◆ **Your goal**
Only the lines below from the one that contains "Screenshot van milk-bar.nl" through the one that contains "Traueranzeige von Teresa" should appear in your answer, exact and without pictures.

◆ **Supplied data**
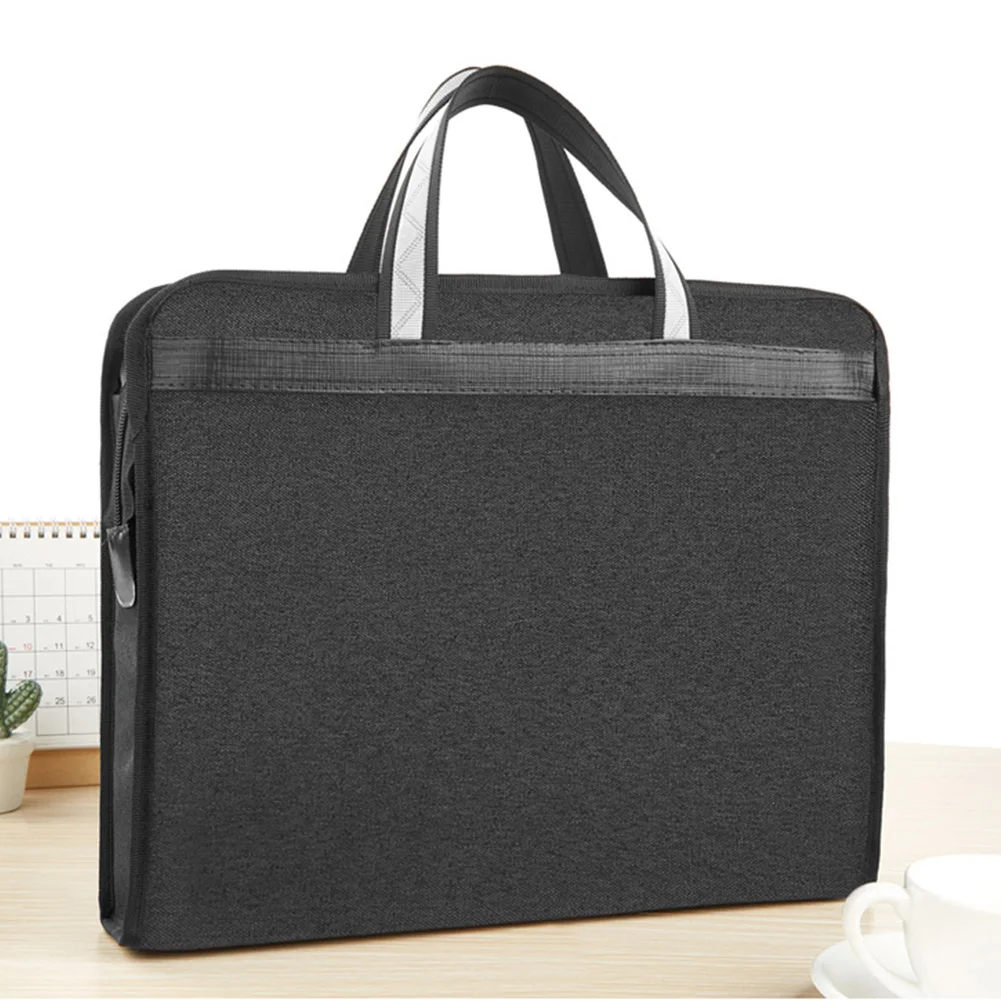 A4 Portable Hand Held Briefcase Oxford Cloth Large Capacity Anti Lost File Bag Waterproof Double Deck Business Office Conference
---
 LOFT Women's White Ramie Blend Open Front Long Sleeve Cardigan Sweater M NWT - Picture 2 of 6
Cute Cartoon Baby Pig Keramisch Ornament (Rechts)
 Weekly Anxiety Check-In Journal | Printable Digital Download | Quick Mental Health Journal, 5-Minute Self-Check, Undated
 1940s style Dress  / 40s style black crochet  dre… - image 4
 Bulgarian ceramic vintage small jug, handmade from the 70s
...
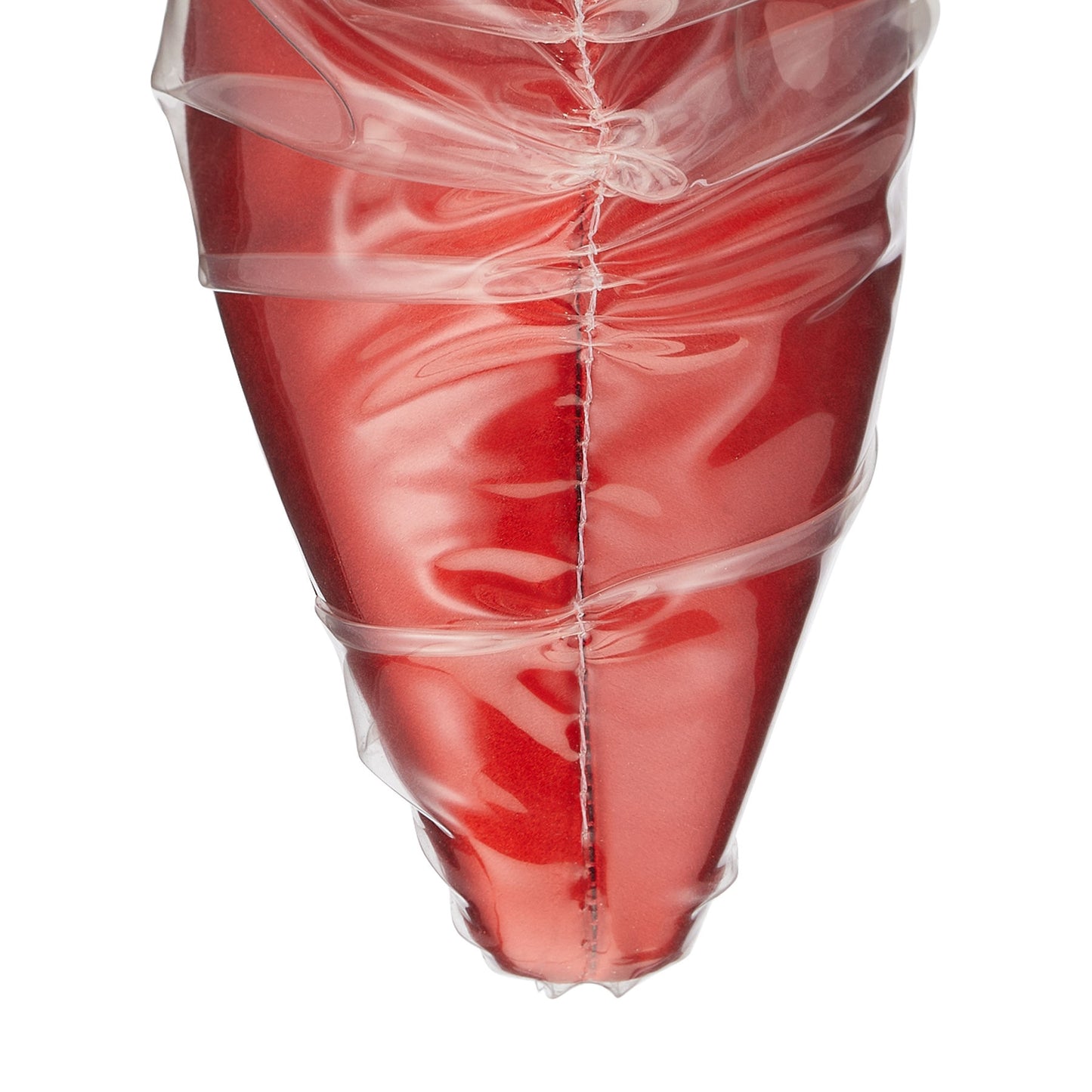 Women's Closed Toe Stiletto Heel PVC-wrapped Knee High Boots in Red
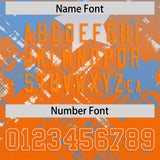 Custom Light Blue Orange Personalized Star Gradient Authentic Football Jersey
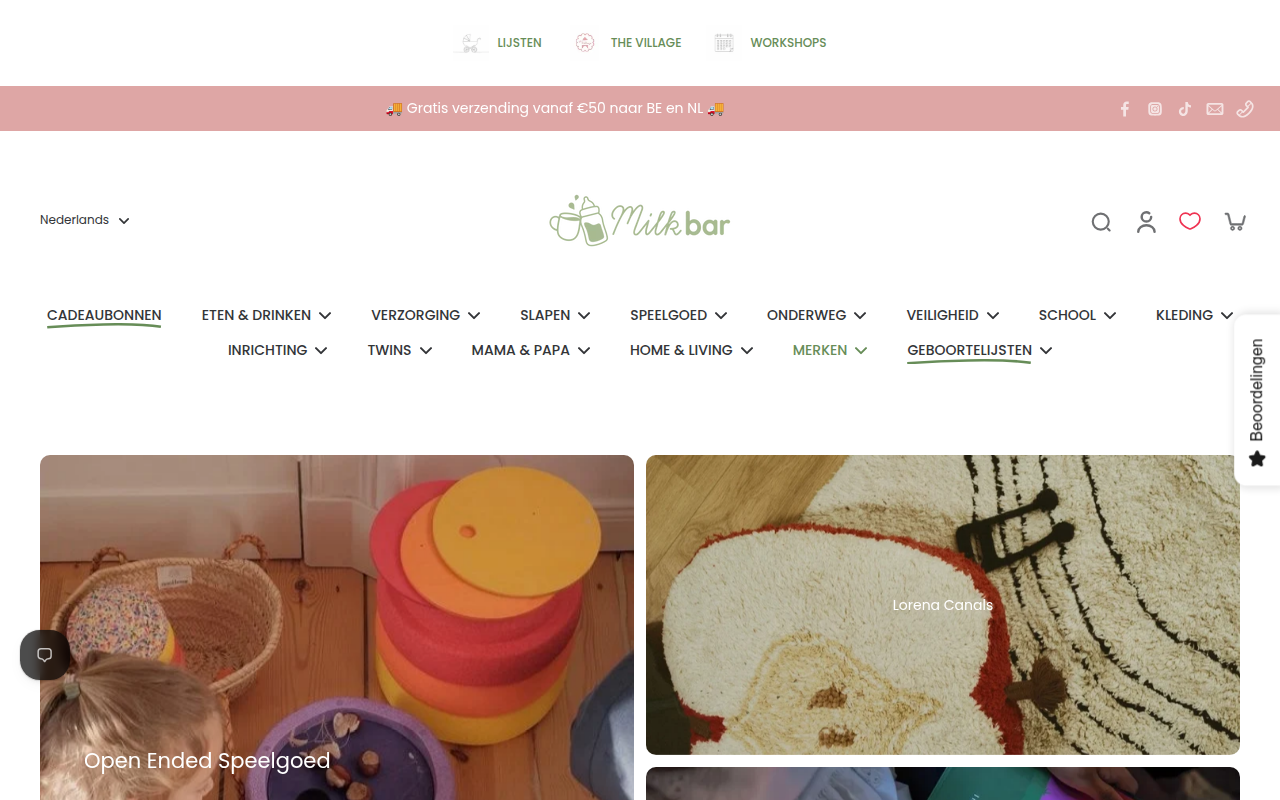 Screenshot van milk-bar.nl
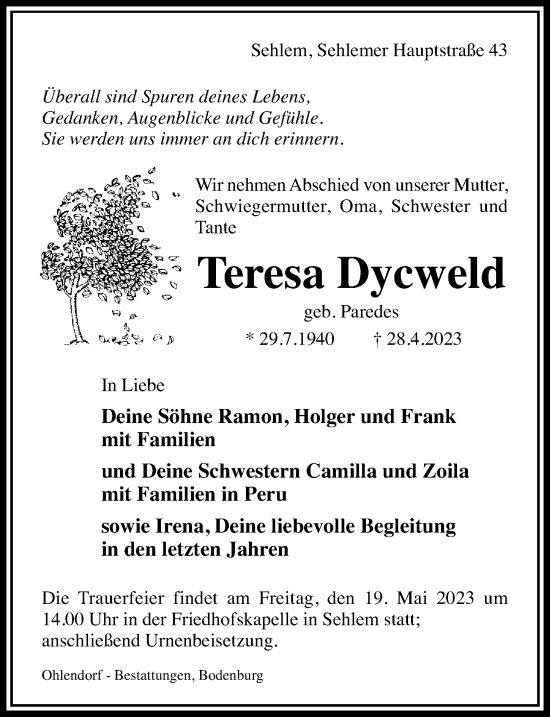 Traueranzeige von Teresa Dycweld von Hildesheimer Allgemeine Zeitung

◆ **Result of this exercise**
 Screenshot van milk-bar.nl
 Traueranzeige von Teresa Dycweld von Hildesheimer Allgemeine Zeitung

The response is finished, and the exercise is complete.